I announced my intention to begin writing for the college newspaper and my friends all thought it was a good idea. I was reasonably intelligent, I was a good writer and I liked to follow topics that make you think: politics, science and popular culture, for example. Before I went in for my first interview with the paper’s editor, my buddy, Matt, handed me a bag with two funny vintage t shirts in it. “You want to make a good first impression right?” he said, knowingly. “Everyone thinks that writers are supposed to be witty and sarcastic and nothing says sharp and quick like really good funny t shirts.”
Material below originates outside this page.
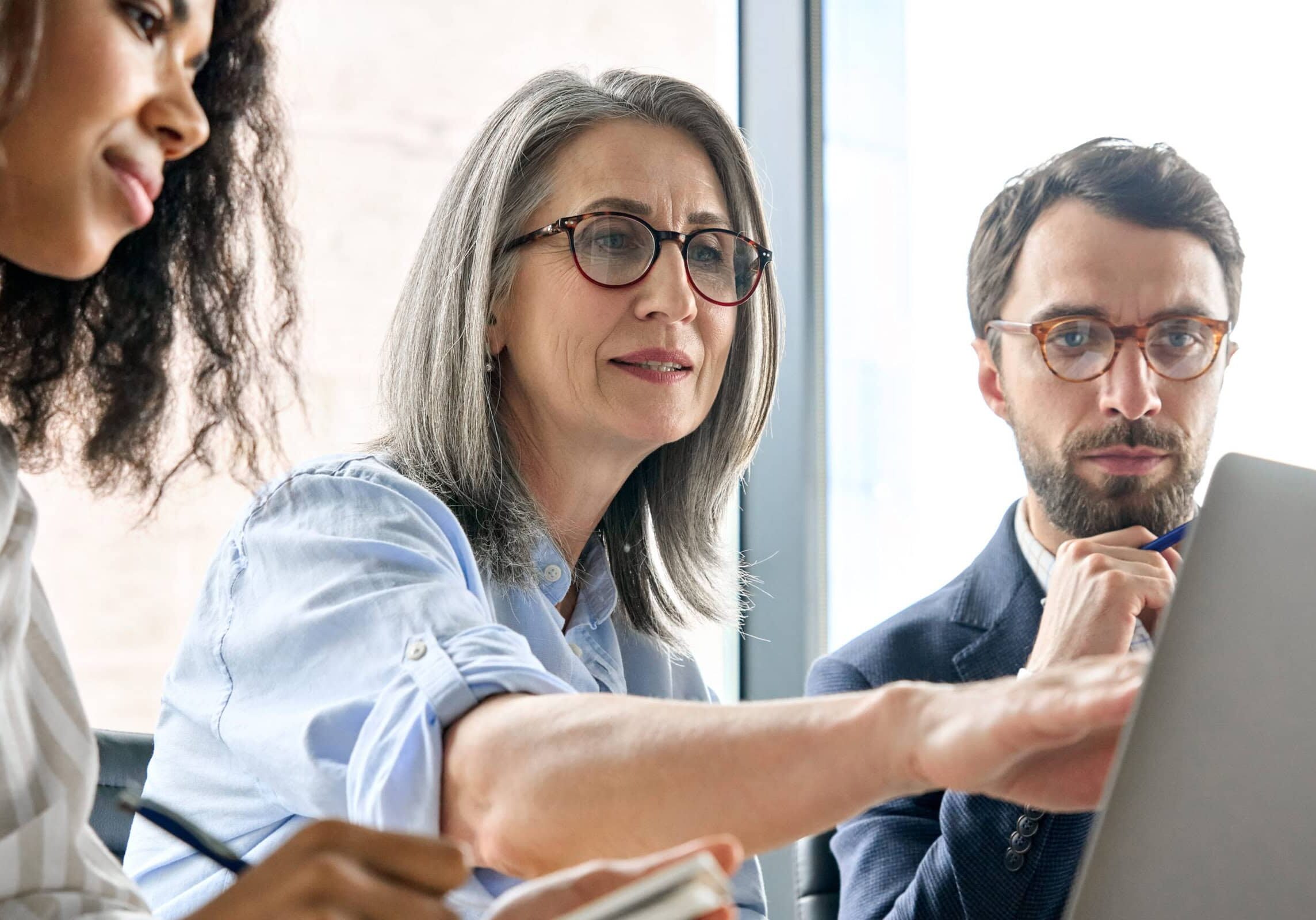 coach showing two others something on a laptop screen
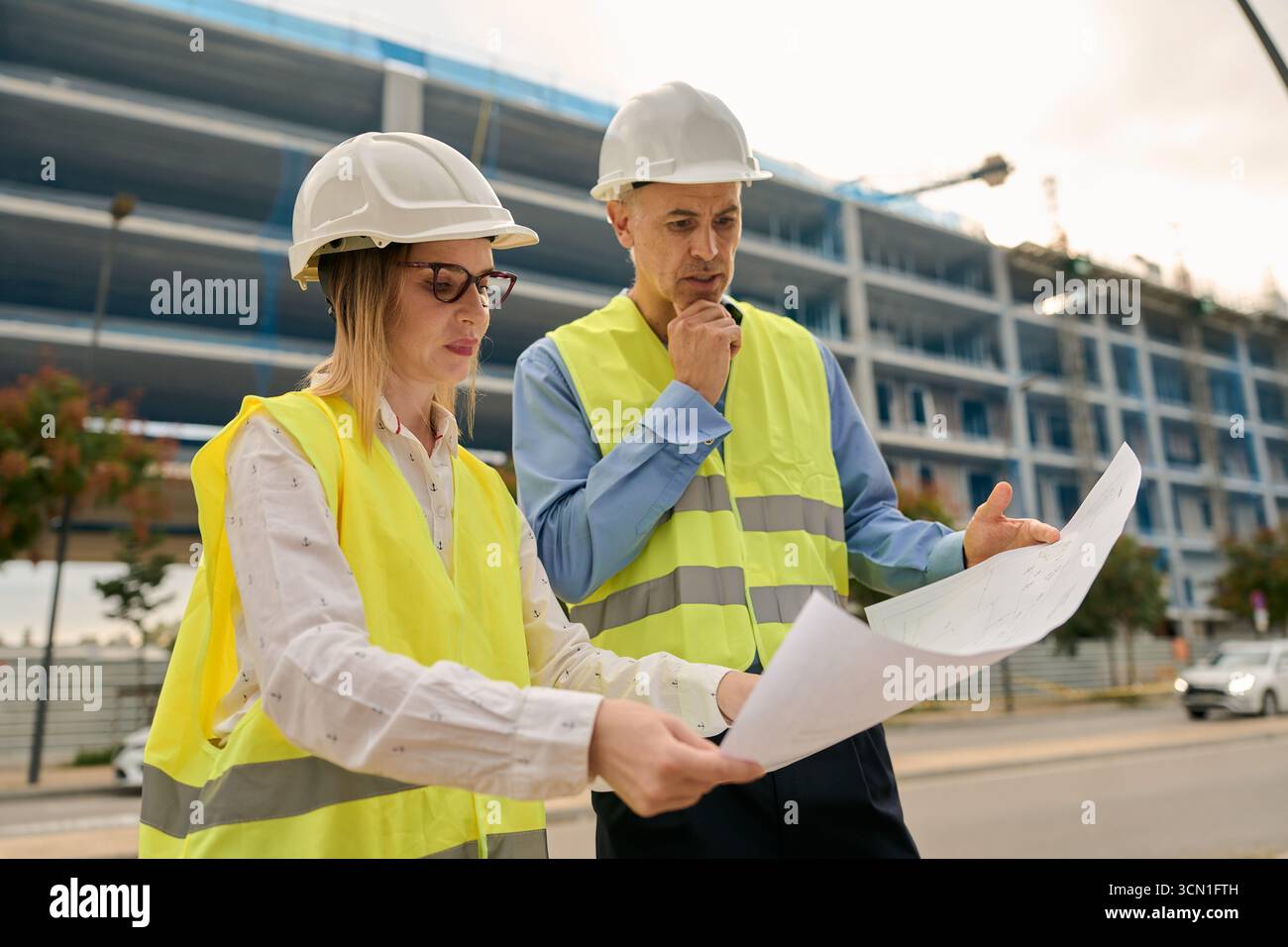 Architects and engineers discussing blueprint at construction site Stock Photo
I thanked him and took the bag, a little apprehensively. What Matt said might be true, at least if you write for The Onion or Cracked, but I’m not sure that the dress code for a school newspaper is quite what he thought it was. Personally, I’d been considering a corduroy sport coat with leather elbow patches. Very academic looking. I hummed and hawed about the choices for a few hours, then finally decided to combine the two and hope for the best. I dug out my favorite pair of jeans -baggy but not too loose at the ankles- a studded belt (for a slightly punk effect), my pair of ancient Doc Marten’s boots (although in a concession to the formality of an interview, I did spend several hours polishing them), one of Matt’s funny tshirts and then the corduroy jacket over top of it. I figured the whole ensemble had enough of an eclectic look to not seem too serious, while not being weird enough to make me look overly dramatic and needy. I was still worried about the shirt, but I figured I could always do up the jacket to hide it if it appeared that I’d made the wrong choice. The next decision was whether to bring my laptop or not, and then whether I should bring the netbook or the MacBook. Trendy or cool? I decided to play it cool and threw the MacBook into my backpack, then it was off to the student center.
A rather bored and alarmingly professional looking receptionist informed me that the editor was stuck on a conference call, but would be with me shortly if I’d care to have a seat. She was dressed in a dark gray business suit with a white dress shirt and sensible black shoes. I began to worry that I’d overplayed the “funky writer” hand. I needn’t have worried.
When a door opened for a short guy wearing a shirt emblazoned with a photo of Chuck Norris and the slogan “Chuck Norris Destroyed the Periodic Table Because He Only Recognizes The Element of Surprise,” I knew that Matt had been right in giving me those vintage t shirts. I casually unbuttoned my jacket so that my Ghostbusters logo was clearly visible and stood to meet my future boss.